Billy est un enfant myope, il voit mal sans ses lunettes. Petit garçon aventurier et très taquin avec sa petite sœur, sa vision floue devient une « trouble vue » et lui fait vivre des aventures extraordinaires, en plus du fait que jouer aux fléchettes sur les oiseaux est un vrai bonheur, peut-être mieux que de voir se noyer les fourmis dans de la bave chocolatée.
Mais tout commence vraiment à la mort de son chat Tarzan. Là, en prise avec la réalité, Billy va chercher dans ses références de quoi l’aider à comprendre. Le Père Noel, ce multi-centenaire, doit en savoir sur le sujet. Au fil des pages, le réel devient une illusion et nous suivons Billy dans un univers parallèle.
Il cherche dans les malles du grenier de quoi lui donner des pistes : un Magazine du bizarre est ainsi lu, puis une Cryptologie est créée de toutes pièces par Billy (en référence aux schémas de découpe de sciences naturelles et avec une volonté de tout reprendre, comportement, légende de morphologie, astuces pour ne plus être la cible de tourment). A chaque nouveau personnage, un poème en prose ou vers ou une étude détaillée et puis le fil du récit continue sur quelques mois. Le réel n’a pas d’intérêt pour Billy, seuls les personnages de la nuit, des cauchemars et des moments clefs du réel sont présents. Le garçonnet trouve les adultes bien décevants aussi, oublieux de l’enfant qu’ils étaient et du monde si étrange et fabuleux du fictif.
Que dire de ce fourmillement de notes, de références, de bonnes idées, d’allusions ou de métaphores.
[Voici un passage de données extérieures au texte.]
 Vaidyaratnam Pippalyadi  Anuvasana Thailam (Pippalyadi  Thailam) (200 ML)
Des coups de cœurs à toutes les pages donnant envie de se référer au sommaire (qui nous joue un tour aussi… regardez les numéros de page... bon c'est vrai c'est tout petit: 13!).
Des croquis et des tableaux gothiques, des poèmes que l’on peut lire aux enfants plus jeunes. J’aime particulièrement « La princesse et la flaque d’eau », poème sur l’hiver, la morte saison, la nature moins enchanteresse, et pourtant. Je me retrouve aussi dans l’extrait de « La nuit » de Maupassant. J’aime particulièrement les inventions de Billy : les serpents devenus vermicolles aux dents bien acérées, d’autres (potentiellement des futures mante-religieuses) que l’on ingère et qui donnent les gargouillis que l’on entend dans le ventre de son père quand lors de câlin nous avons l'oreille dessus. J’aime les personnages où l’influence de Tim Burton est flagrante mais pas que lui d’ailleurs (la petite fille aux couteaux rappelle le môme aux clous dans les yeux).
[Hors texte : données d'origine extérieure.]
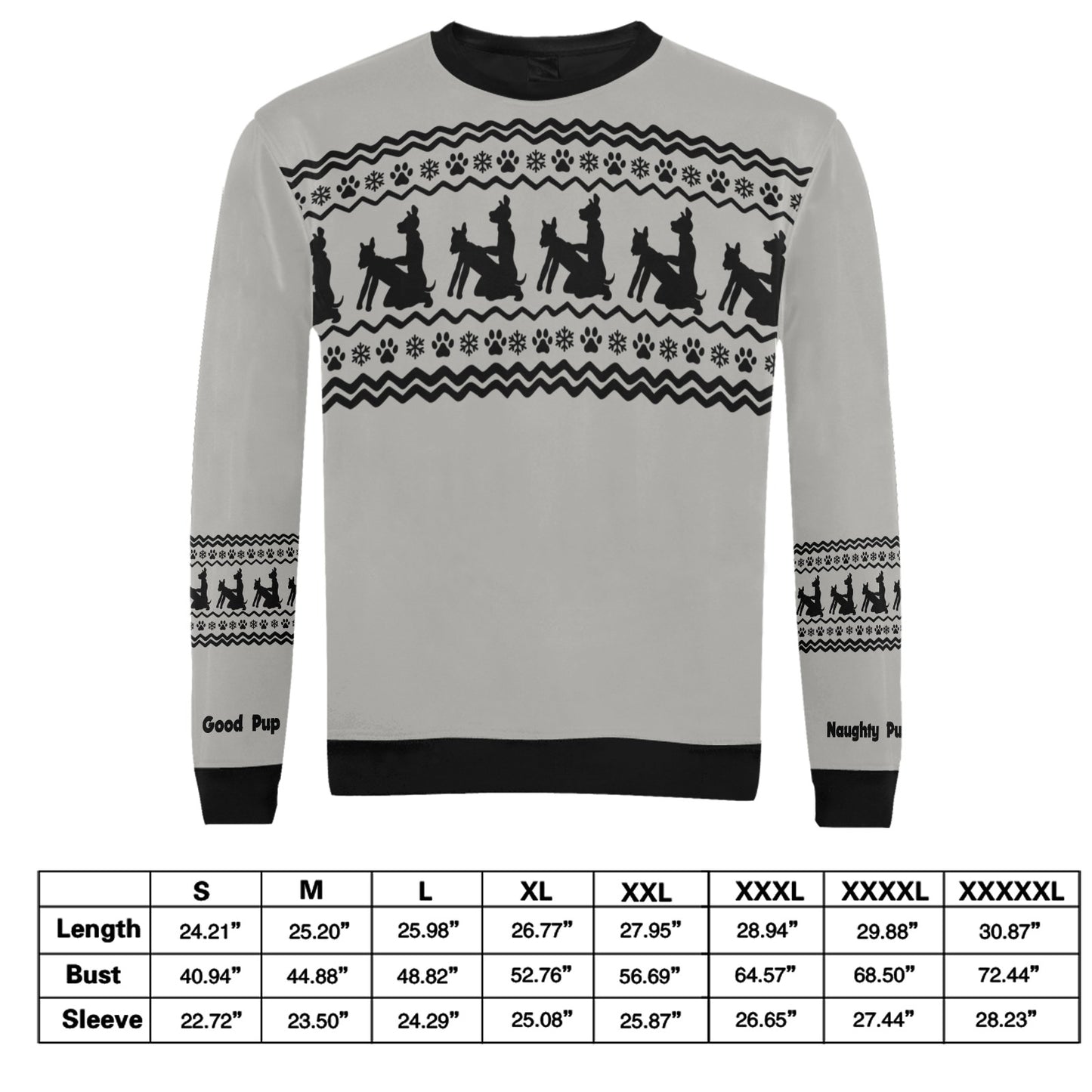 Kinky Xmas Sweater — "Good Pup / Naughty Pup" Edition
Et puis ces reprises de vieilles coutumes ou superstitions : le croquemitaine, les vampires (dont une si douce, si gentille, se mordra jusqu’à la mort pour ne pas détruire une autre vie), la communication avec les esprits grâce à l’ouja, les auras etc…
Et puis ses conceptions de la reproduction humaine, la naissance et plus encore les graines de petites sœurs et un coupe-coupe-couette offert (parce que les bordereaux de commande et les anciennes publicités ne sont pas en reste). Parce qu’encore plus qu’une histoire honorant le fictif des cauchemars et des peurs enfantines, ce livre assez inclassable est une ode à la fraternité. Billy ne se gène pas pour embêter sa petite sœur, lui en faire voir de toutes les couleurs, la malmener et pourtant c’est de l’amour qu’il y a là.
Un vrai bonheur de lecture, de relecture. Et même si le graphisme, efficace, magnifique et sombre, et certaines histoires peuvent choquer, je vous recommande les poèmes et les cryptologies prises seules.